Greenberfield Top Lock
|Submitted by:||David Whipp|
||Greenberfield, Barnoldswick BB18 5SU
The top lock on the Leeds and Liverpool Canal at Barnoldswick can be busy.
With ducks to be fed, boats mooring or navigating the lock, and ice cream to be bought at the Lock Stop cabin, passersby walking or cycling the towpath will often pause a while to observe the goings on.
Or the lock itself may be the destination for a Sunday stroll with the promise of an ice cream for those with tiny feet but larger tummies!
The top lock is where the summit stretch of the Leeds and Liverpool Canal begins its slow descent towards Leeds.
The canal is approaching the Craven Fault (before turning south east at Gargrave to follow the Aire Valley to Leeds), has left sandstone country and is entering Barnoldswick's limestone landscape.
Boundary walls have an increasing number of grey stones from the underlying rock.
Of the group of buildings at Greenberfield, one is built from limestone, with the former lock-keepers cottage made from honey coloured sandstone. The brick built building, dated 1893 is where the inflow from Winterburn reservoir, some six million litres every day, enters the summit pound of the canal.
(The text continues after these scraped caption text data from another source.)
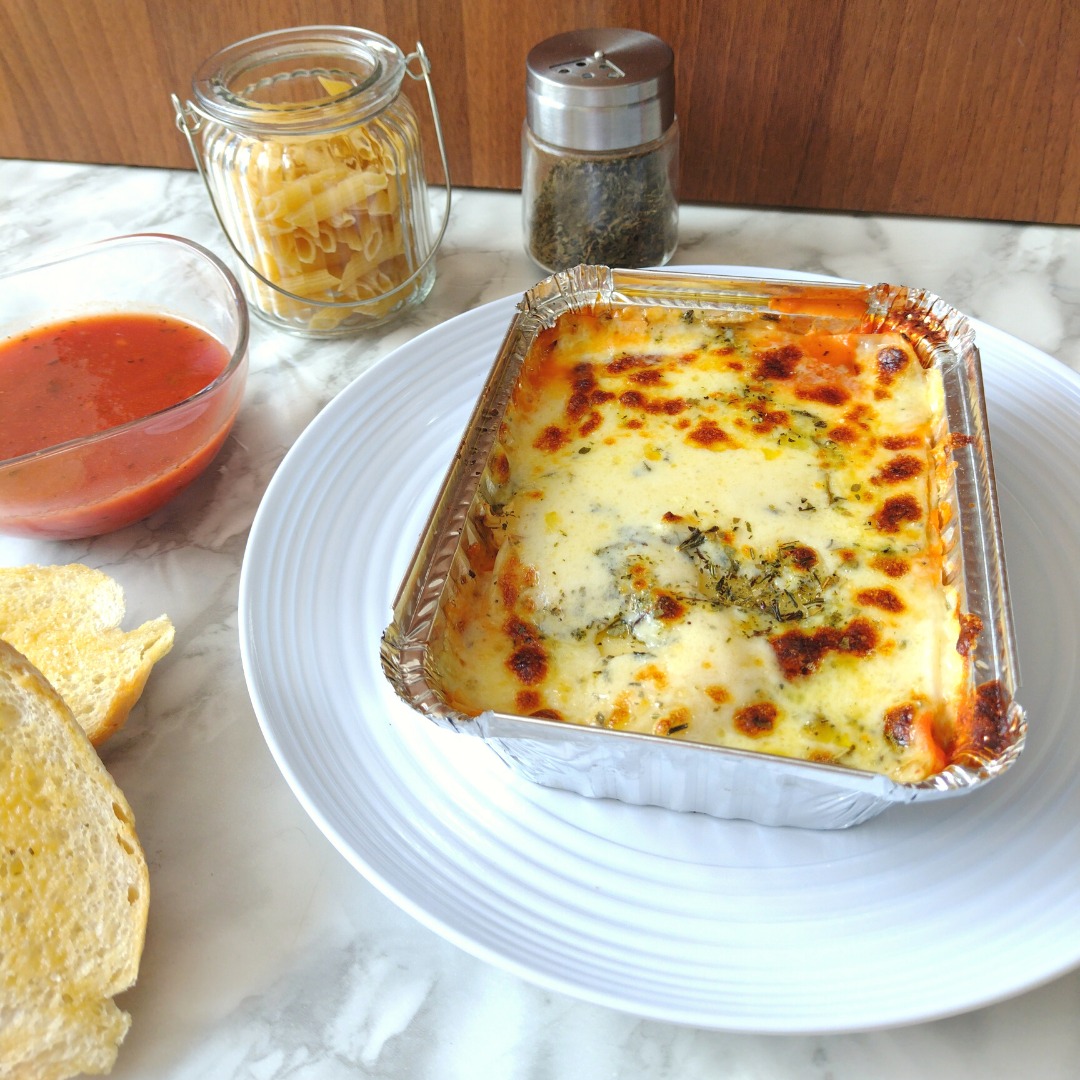 Lasagna Mixta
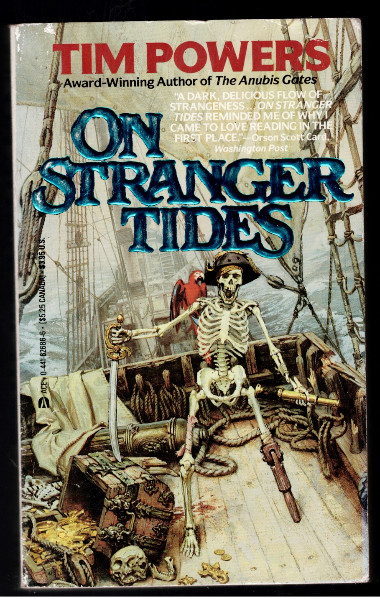 On Stranger Tides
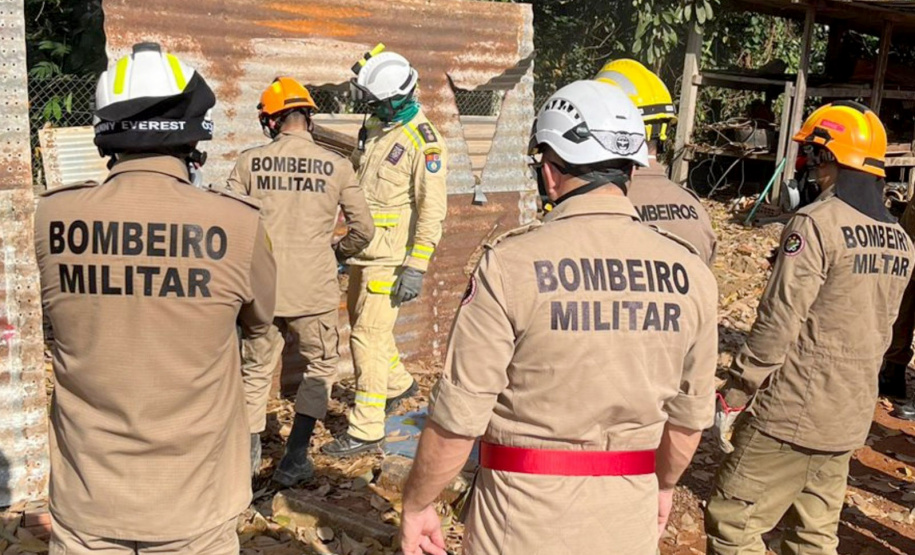Referência em emergências em silos, Bombeiros do Paraná ministram curso no Acre
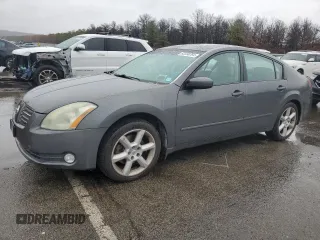 2004 Nissan Maxima SE with VIN 1N4BA41E04C902942, listed as a Copart auction lot 82238764 with 140,931 mi miles and Clean Title. Bid and sale history available at carsss.com. Image 1.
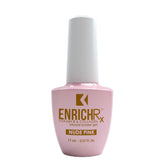 EnrichRx UV/LED Builder Gel - Nude Pink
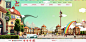 迪诺水镇是江苏省政府重点项目--酷站频道--酷站志（COOLWEB）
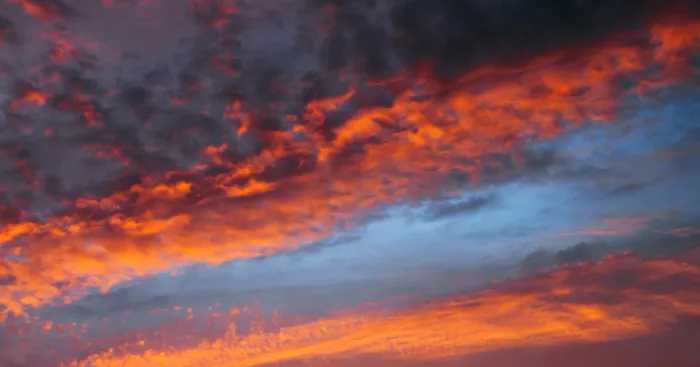 I Captured With My Camera Nature's Beautiful Paintings From A Free 'Sky Gallery' That's Above Everyone's Head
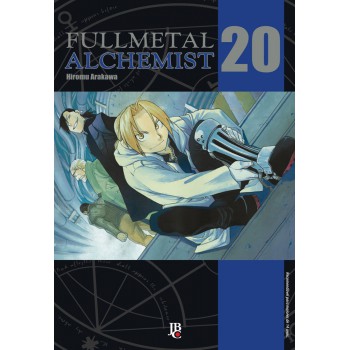 Fullmetal Alchemist - Especial - Vol. 20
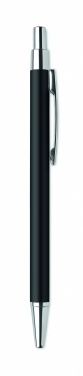 Logo trade advertising products picture of: Recycled aluminium ball pen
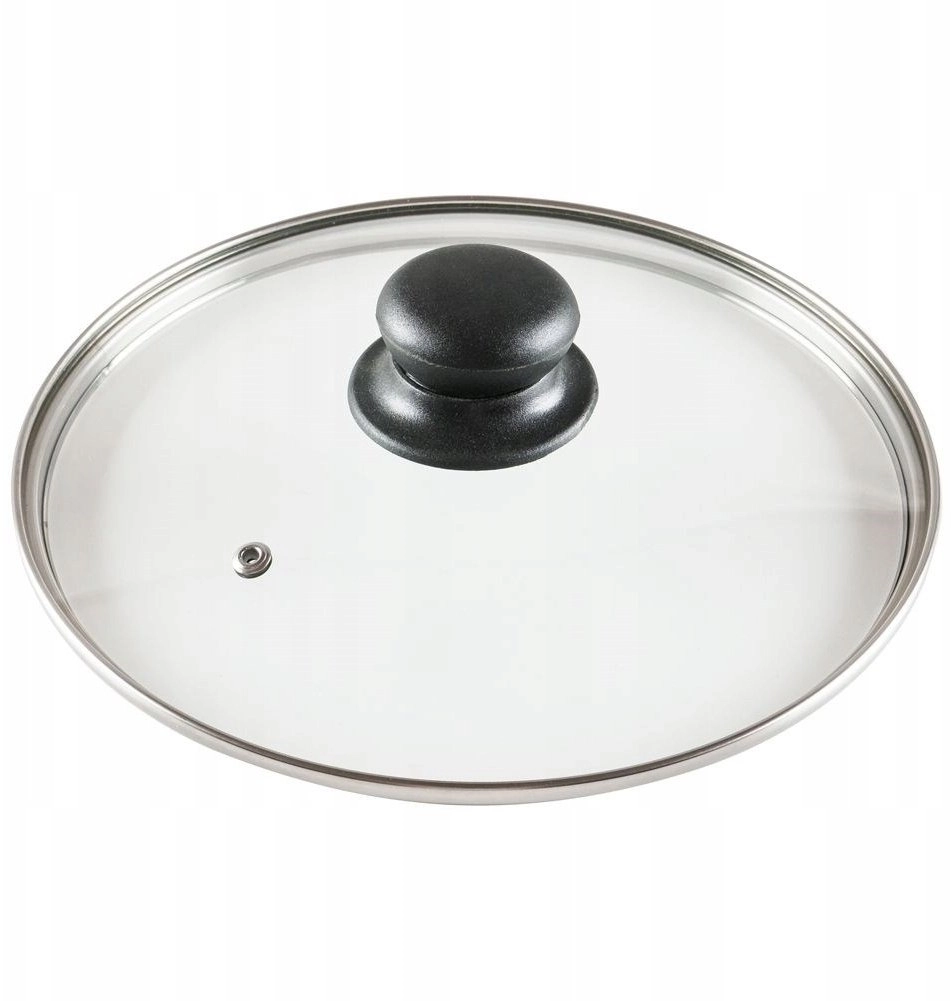 Granchio Italia Glass Lid Heat Resistant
The fields opposite the towpath show some evidence of the landfilled quarries where limestone was hewn to be kilned and carried by boat into industrial Lancashire.
Coates Lane crosses the canal by bridge 156. Canal boats occupy long term moorings nearby.
The top lock is where the canal says good bye to built up Barnoldswick and begins a meandering course amongst the drumlin field to Gargrave.